Human Rights Watch is Investigating Pain Treatment in the U.S. and Wants to Hear From You.
Human Rights Watch is Investigating Pain Treatment in the U.S. and Wants to Hear From You.March 17th, 2018 by Cindy Perlin
Is denial of adequate pain treatment a human rights issue? A highly respected, international human rights group, Human Rights Watch, seems to think so. They have just launched an investigation into pain treatment in the United States.
Human Rights Watch has heard from many pain patients who have had their opioids abruptly reduced or discontinued who are experiencing severe suffering as a result. Now they are interested in hearing from pain patients who are suffering because of lack of access to alternative pain treatments (e.g. acupuncture, chiropractic, biofeedback, massage, mind/body treatments, medical marijuana, etc.).due to unaffordability as a result of lack of insurance coverage, lack of availability or illegality.

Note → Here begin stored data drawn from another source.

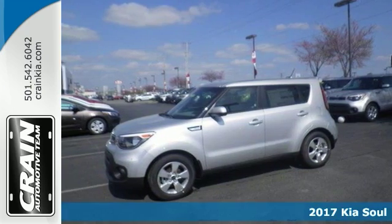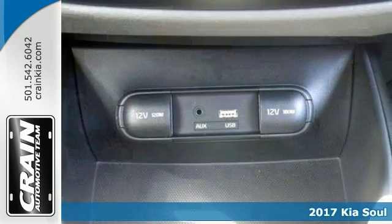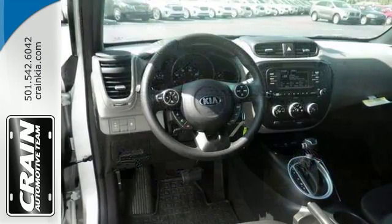Here's a 2017 Kia Soul, an outstanding example that comes well equipped with a rear spoiler, deep tinted windows, alloy wheels, and steering wheel controls. It also offers a multi-information display and an auxiliary audio input.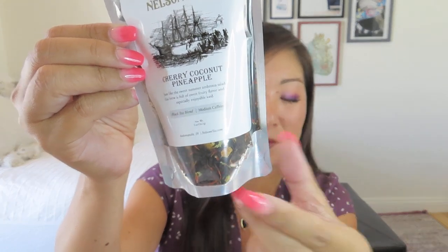Let's talk about our featured tea. It is a returning fave — Nelson's Tea Company. We always get really nice loose leaf tea from them. It's cherry coconut pineapple, a black tea blend with medium caffeine. It says: 'Just like the sweet summer ambrosia salad, this brew is full of sweet fruity flavor and is especially enjoyable iced.' I love a fruity iced tea — that sounds perfect for a hot day. It has an $11.95 value in the Premier box. In the Petite boxes it was a $5.80 value, so about half — likely a one ounce bag instead of this two ounce bag.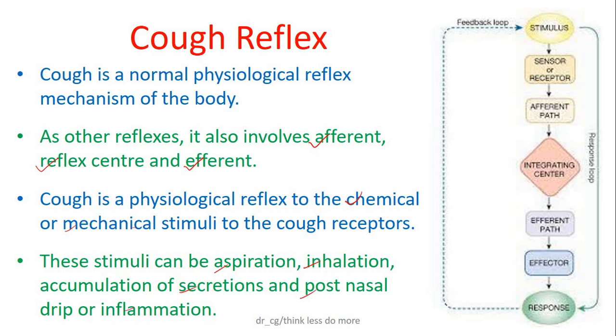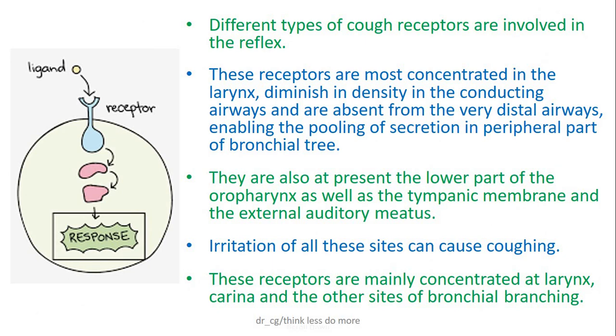Many types of cough receptors are involved. They are mainly concentrated in the larynx, with diminishing density in the conductive airways and almost absent in the very distal parts of the airways. So mainly difficult clearing of secretions occurs in the peripheral part of the bronchial tree. They are also present at the lower part of the oropharynx, the tympanic membrane, and the external auditory meatus. Irritation of all these sites can also cause coughing.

I have been asked by Human Rights Watch to help them collect stories from pain patients lacking access to alternative treatments. If you have a story to tell, please send it to me via my contact form HERE
More on Human Rights Watch from their website at http://www.hrw.org:
Human Rights Watch is a nonprofit, nongovernmental human rights organization made up of roughly 400 staff members around the globe. Its staff consists of human rights professionals including country experts, lawyers, journalists, and academics of diverse backgrounds and nationalities. Established in 1978, Human Rights Watch is known for its accurate fact-finding, impartial reporting, effective use of media, and targeted advocacy, often in partnership with local human rights groups. Each year, Human Rights Watch publishes more than 100 reports and briefings on human rights conditions in some 90 countries, generating extensive coverage in local and international media. With the leverage this brings, Human Rights Watch meets with governments, the United Nations, regional groups like the African Union and the European Union, financial institutions, and corporations to press for changes in policy and practice that promote human rights and justice around the world.